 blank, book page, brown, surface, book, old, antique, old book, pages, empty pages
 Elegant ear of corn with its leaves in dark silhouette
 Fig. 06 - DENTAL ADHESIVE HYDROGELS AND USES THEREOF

Exercise directions: Could you transcribe all of the data exactly as it is given?

Answer:
 blank, book page, brown, surface, book, old, antique, old book, pages, empty pages
 Elegant ear of corn with its leaves in dark silhouette
 Fig. 06 - DENTAL ADHESIVE HYDROGELS AND USES THEREOF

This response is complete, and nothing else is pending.